The Pentax was a disaster. I bought it to use during my first visit to what was then Czechoslovakia. A critical part of it broke two or three days into the trip. No one in Prague could fix the thing. So, I purchased another SLR camera. It was an Exacta, which had been made in Eastern Germany shortly before the Berlin Wall was demolished. The Exacta was heavy but solidly built; it was probably indestructible and produced lovely photographs.

That was all long ago. My interest in photography has continued, but it has been several years since I abandoned film cameras for digital devices, both ‘phones and actual cameras. The advent of digital photography and the editing software that can be employed to modify the images captured have eliminated the need for film developing and darkrooms. Modern digital software allows anyone to be able to do what was only possible in darkrooms and much more.

It was not all bad in East Germany

 

For those of you who are too young to remember, Germany was divided into two separate countries, West Germany and East Germany (‘DDR’), between the end of World War 2 (‘WW2’) and 1990 (when the two countries were united into one). The DDR was a socialist republic overshadowed by the USSR.

Many years after the re-unification of Germany, our German-built Bosch dish-washing machine broke down. The engineer who came to mend it, fixed it in a couple of minutes, but remained talking to us for half an hour. He had been brought up in the DDR. He wanted to explain to us that contrary to all that we might have heard about the evils of the DDR and the difficulties its citizens faced, it was not all bad. He told us that, for example, education was good, there was little or no unemployment, and there had been a great sense of camaraderie. It was very important for our engineer that we should not think ill of the former DDR.

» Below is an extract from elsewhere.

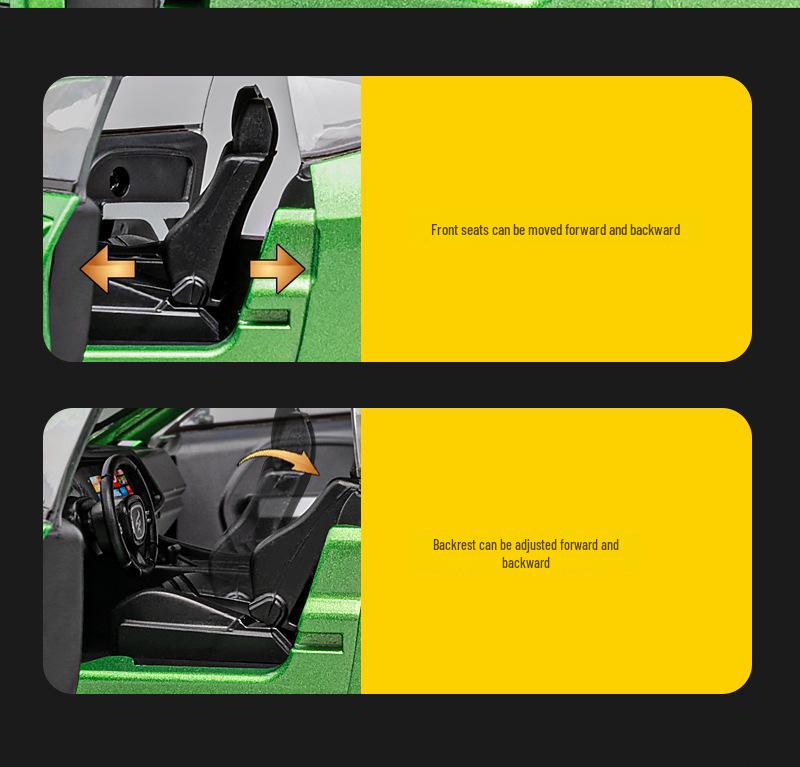 Jiaye 1:22 Dodge Hellcat Demon Eye Alloy Car Model with Sound, Light, and Pull-Back Four-Wheel Shock Absorbers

Recently, I finished reading an excellent book about the DDR, Red Love written by Maxim Leo and published in English in 2013. Leo was born in 1970, and like our Bosch engineer, does not damn the DDR, but takes care to point out that living in that former country was not at all easy or straightforward. For anyone curious about life in the DDR, this book is very illuminating. However, there is much more to this short book than describing the DDR.

What is most fascinating in Leo’s book is his stories about his two grandfathers, both of whom lived in the DDR. One of them remembered life being reasonable during the Nazi regime. Despite his grandson’s questioning, it is not clear what he did during those terrible times. The other grandfather led an exciting and dangerous life as a member of the French resistance during WW2. His story is gripping. 

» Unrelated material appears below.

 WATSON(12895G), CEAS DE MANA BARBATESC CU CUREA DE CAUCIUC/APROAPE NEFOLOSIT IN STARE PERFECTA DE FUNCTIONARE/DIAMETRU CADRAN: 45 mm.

Leo’s parents are also interestingly described. They were both in favour of, or atleast not completely against, the regime in the DDR. Each of them expressed their didfferent critical views of the political system, but neither of them did so strongly that they fell out of favour with it.

The book is a very readable translation of the original German translation. It provides a fascinating insight into life in the DDR and the period that preceded it. It was a book that I found difficult to put down, a real ‘page-turner’. Some of what I read in it chimes well with what our dish washing machine engineer told us.

The Wall

DDR

 

The Berlin Wall ceased to be a barrier between capitalist West Germany and socialist East Germany in late 1989. It marked the ending of the ‘Cold War’ and the recent collapse of the former USSR. 

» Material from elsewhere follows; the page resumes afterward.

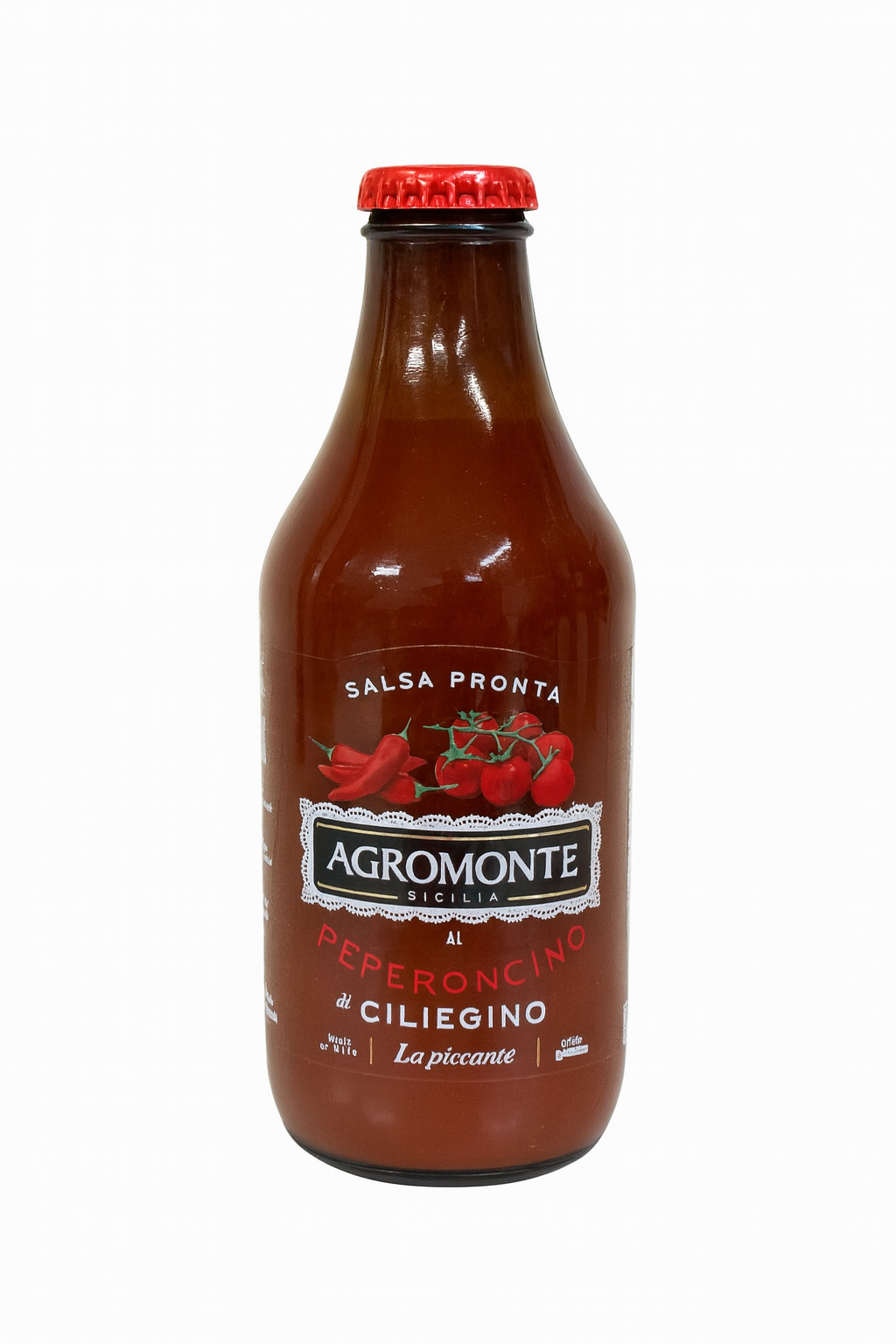 Sauce Tomate Cerise Piquante 330g – Agromonte - Epicerie Barakka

At that time, my father made an interesting observation, which I want to sahre with you. He is a retired academic at the world famous London School of Economics (‘LSE’). The LSE had a large number of academics with an expert interest in politics. He told me that the end of the Cold War had come as a complete surprise to his colleagues, who professed to be experts on the subject. Not one of them had predicted either the downfall of the USSR or the ending of the Cold War. I was staggered by this information, and my faith in ‘experts’ reduced a bit.

So, now when I listen to ‘expert’ after ‘expert’ giving opinions on the outcome of ‘Brexit’ and the future of politics in the UK (or elsewhere), I take what they say with the proverbial ‘pinch of salt’.